§ **TASK GOAL**:
Write out all the data verbatim. Skip images.

§ **DATA EXCERPT**:

▽

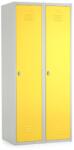 Rauman Fém szekrény, 80 x 50 x 180 cm, csavaros zár, sárga - ral 1023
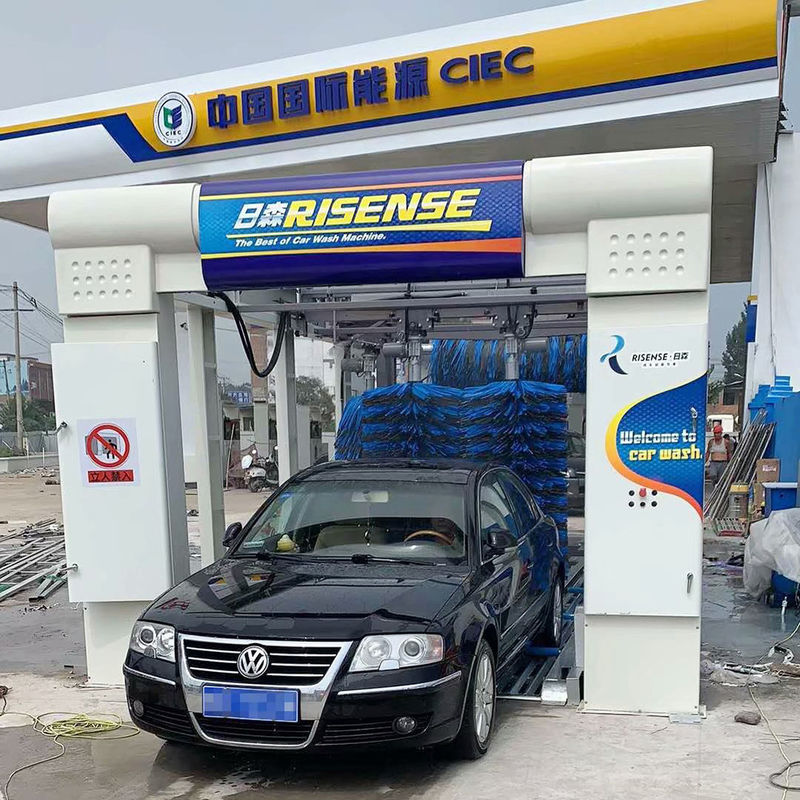 -Chic Design Style King of 9-Brush Automatic Express Tunnel Car Wash Machine in Europe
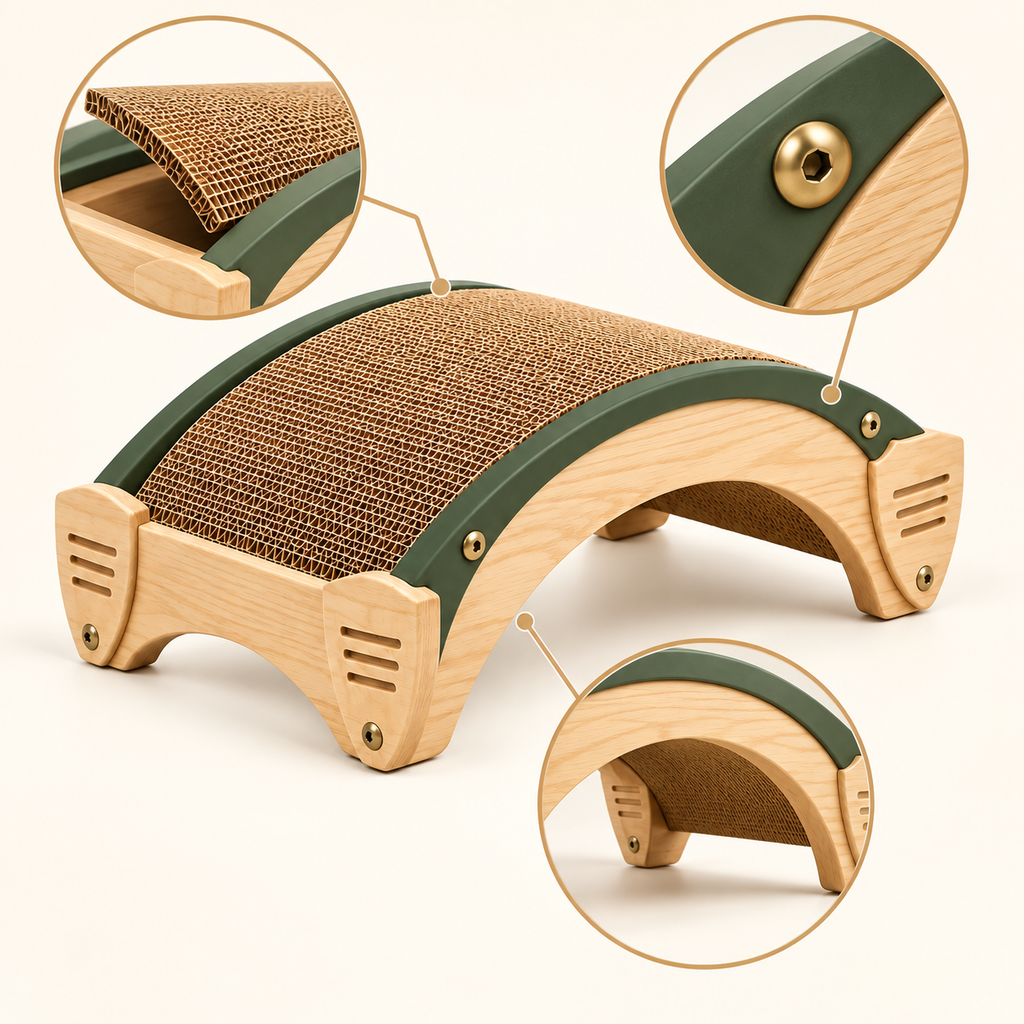 Timber Arc Modular Scratch Bridge — product-specific features
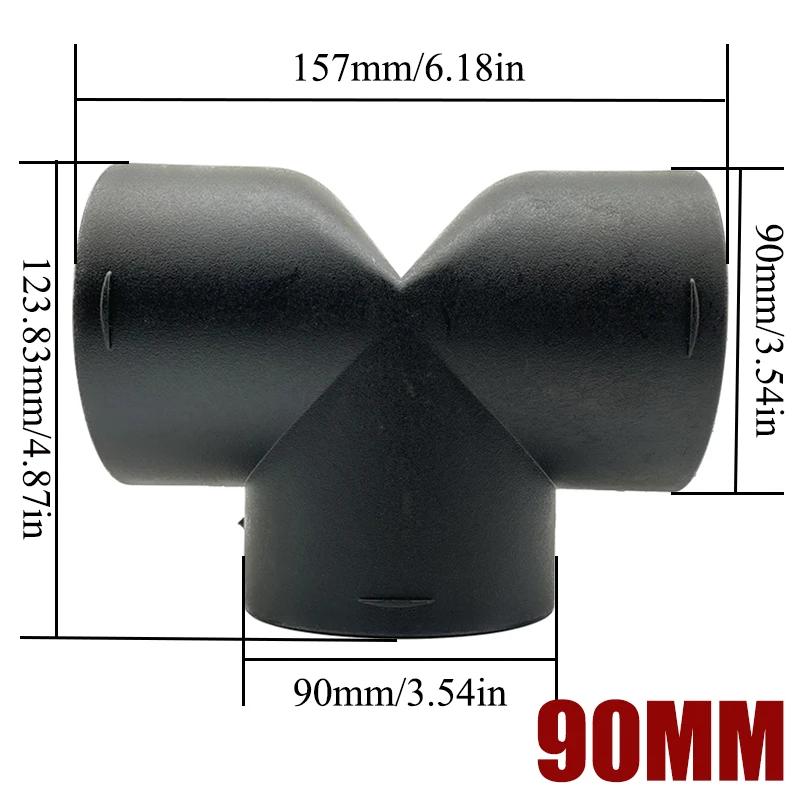 42/60/75/90mm Air Vent Y T Flat Piece Ducting Pipe Outlet Exhaust Joiner Splitter For Webasto Eberspaecher Diesel Parking Heater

△

§ **EXERCISE OUTPUT**:
 Rauman Fém szekrény, 80 x 50 x 180 cm, csavaros zár, sárga - ral 1023
 -Chic Design Style King of 9-Brush Automatic Express Tunnel Car Wash Machine in Europe
 Timber Arc Modular Scratch Bridge — product-specific features
 42/60/75/90mm Air Vent Y T Flat Piece Ducting Pipe Outlet Exhaust Joiner Splitter For Webasto Eberspaecher Diesel Parking Heater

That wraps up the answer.